Маленькие дети находятся в самом жалком состоянии – у всех гноятся глаза, и они страдают еще многими иными болезнями. Говорят, на всем Востоке не найти ребенка, который не страдал бы глазами, и каждый год тысячи детей слепнут на один, а то и на оба глаза. Я думаю, так оно и есть, потому что каждый день встречал множество слепых, и не помню, чтобы хоть раз видел ребенка со здоровыми глазами. Можете вы представить себе, чтобы в Америке женщина битый час держала своего ребенка на руках и не попыталась согнать тучи мух, облепивших его глаза? А здесь я это вижу каждый день. И всякий раз у меня кровь стынет в жилах. Вчера нам повстречалась женщина верхом на ослике, с младенцем на руках; издали мне показалось, что ребенок в очках, и я еще подумал, как эта женщина могла позволить себе такую роскошь.

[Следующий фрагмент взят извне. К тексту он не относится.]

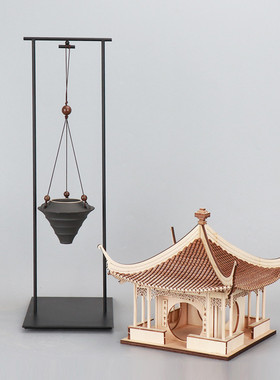 现新中式创意木质凉亭建筑屋檐客厅玄关家居软装饰品摆件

Но, подъехав ближе, мы увидели, что это не очки, а мухи, расположившиеся лагерем вокруг его глаз, а еще один отряд их производил разведку на носу. Мухи были в восторге, ребенок не протестовал, а потому и мать не вмешивалась.

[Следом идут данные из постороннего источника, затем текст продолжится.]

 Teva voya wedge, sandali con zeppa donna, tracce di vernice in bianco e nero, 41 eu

Едва арабы прослышали, что среди нас есть врач, они стали стекаться к нам со всех сторон. Доктор Б. по доброте душевной взял ребенка у сидевшей неподалеку женщины и чем-то промыл его больные глаза. Женщина ушла и подняла на ноги всех своих соплеменников – и уж тут было на что посмотреть! Увечные, хромые, слепые, прокаженные – все немощи, порожденные ленью, грязью и беззаконием, – все были представлены на этом конгрессе, созванном в какие-нибудь десять минут, и народ все еще прибывал. Каждая женщина принесла больного младенца – если уж не своего, то соседского. Какие почтительные, благоговейные взоры обращали они к этой пугающей, таинственной силе – Доктору! Они следили, как он доставал свои склянки и пузырьки, как отсыпал белый порошок, как отмерял по капле одну драгоценную жидкость за другой, они не пропускали ни единого его движения, не сводили с него зачарованных глаз, и ничто не могло разрушить это очарование. Без сомнения, они верили, что он всемогуществом равен Богу. Когда они получали свою долю лекарств, глаза их сияли радостью, – хотя по натуре это народ неблагодарный и бесстрастный, – на каждом лице была написана непоколебимая вера, что нет на свете силы, которая помешала бы теперь больному исцелиться.